### TASK DIRECTIONS
With pictures left out, output exactly the lines of the listing below from the line that has "Sai Ying Pun - Island Crest Block 1 06" to the line that has "920 Honeysuckle Dr, Centerton, AR 72719", both lines kept.

### RECORDED INFORMATION

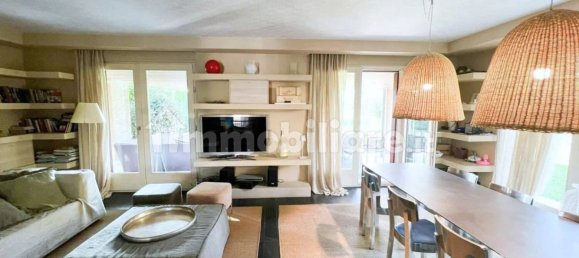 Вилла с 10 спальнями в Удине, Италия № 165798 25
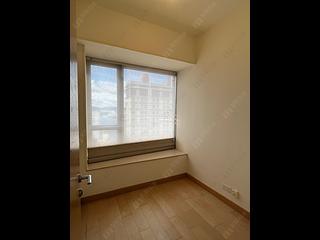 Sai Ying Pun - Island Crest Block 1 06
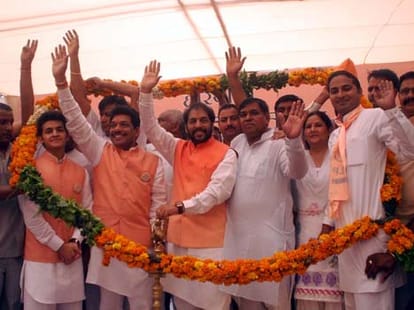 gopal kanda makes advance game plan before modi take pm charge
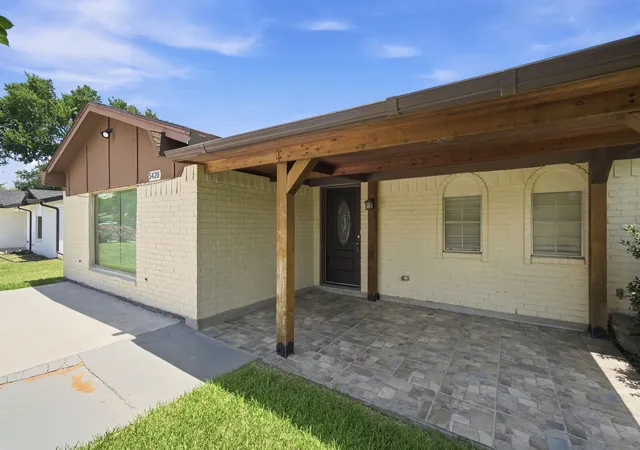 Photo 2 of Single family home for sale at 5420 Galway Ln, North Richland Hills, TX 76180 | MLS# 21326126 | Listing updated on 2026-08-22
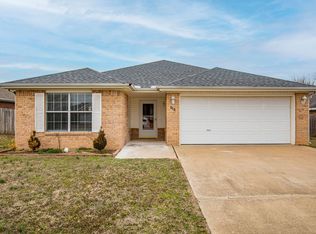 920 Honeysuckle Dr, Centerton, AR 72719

* * *

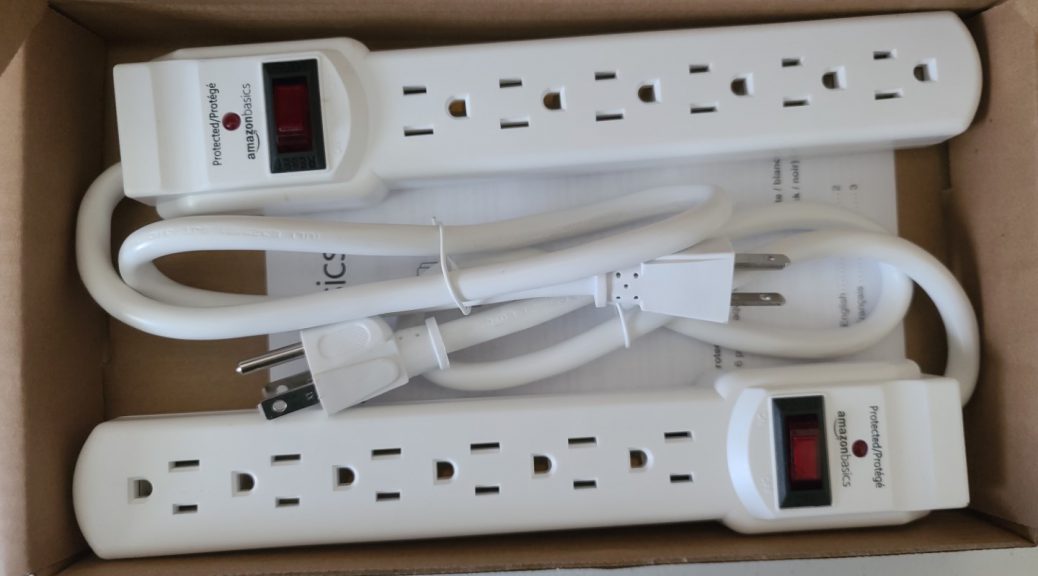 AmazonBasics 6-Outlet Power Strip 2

---

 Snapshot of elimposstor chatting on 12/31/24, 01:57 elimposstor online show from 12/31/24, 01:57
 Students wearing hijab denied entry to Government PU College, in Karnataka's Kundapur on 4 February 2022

### ANSWER AREA
 Sai Ying Pun - Island Crest Block 1 06
 gopal kanda makes advance game plan before modi take pm charge
 Photo 2 of Single family home for sale at 5420 Galway Ln, North Richland Hills, TX 76180 | MLS# 21326126 | Listing updated on 2026-08-22
 920 Honeysuckle Dr, Centerton, AR 72719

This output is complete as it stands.